MySQL – Unable to Change Root User Authentication from unix_socket to mysql_native_password

MySQLplugins

Server version: 10.1.41-MariaDB-0+deb9u1 Debian 9.9

I have installed a LAMP stack on my Debian 9 machine and can not log in with the root user. From my searching, it seems that it's because the install commonly creates a root user without a password, causing it to default to unix_socket, which foils logging in with that user via terminal.

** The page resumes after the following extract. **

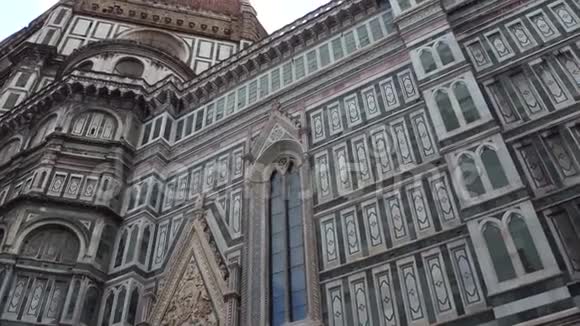 多摩广场佛罗伦萨圣玛丽亚德尔菲奥雷大教堂托斯卡纳市最吸引人的地方视频的预览图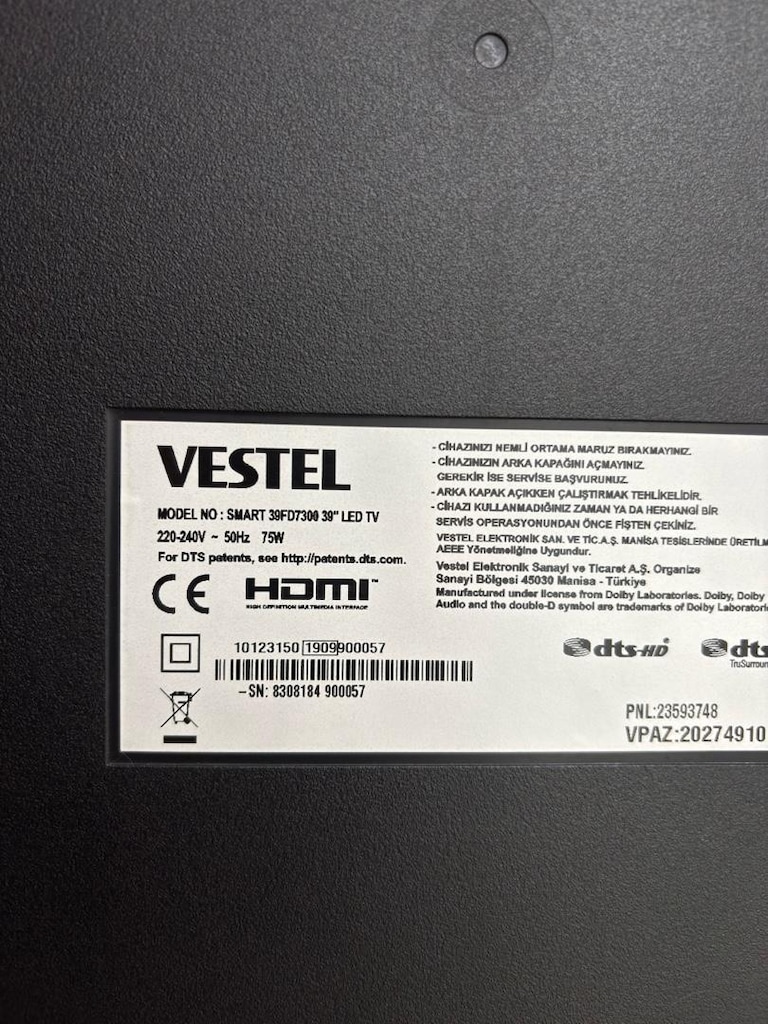 Vestel Smart Tv - 3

MariaDB [(none)]> SELECT user,authentication_string,plugin,host FROM mysql.user;
+------------+-------------------------------------------+-------------+-----------+ 
| user       | authentication_string                     | plugin      | host      |
+------------+-------------------------------------------+-------------+-----------+ 
| root       | *3624F23A73825C0D79BF3591774631513FE76C24 | unix_socket | localhost | | phpmyadmin |                                           |             | localhost |
+------------+-------------------------------------------+-------------+-----------+ 
2 rows in set (0.00 sec)

I found an article explaining how to resolve this issue by shutting down mysql, starting it with sudo mysqld_safe --skip-grant-tables & so I can log in and then running:

ALTER USER 'root'@'localhost' IDENTIFIED WITH mysql_native_password BY 'mypass';

then stopping and starting the daemon. My problem is that no matter how I format this line, I get:

ERROR 1064 (42000): You have an error in your SQL syntax; check the
manual that corresponds to your MariaDB server version for the right
syntax to use near 'user 'root'@'localhost' IDENTIFIED WITH
mysql_native_password BY 'mypass'' at line 1

I've tried tons of different formatting with backtics, case change and other iterations of the command found on the web but everything fails with the same result.

Could someone tell me how I go about changing this successfully?

Best Answer

As the manual says:

The ALTER USER statement was introduced in MariaDB 10.2.0.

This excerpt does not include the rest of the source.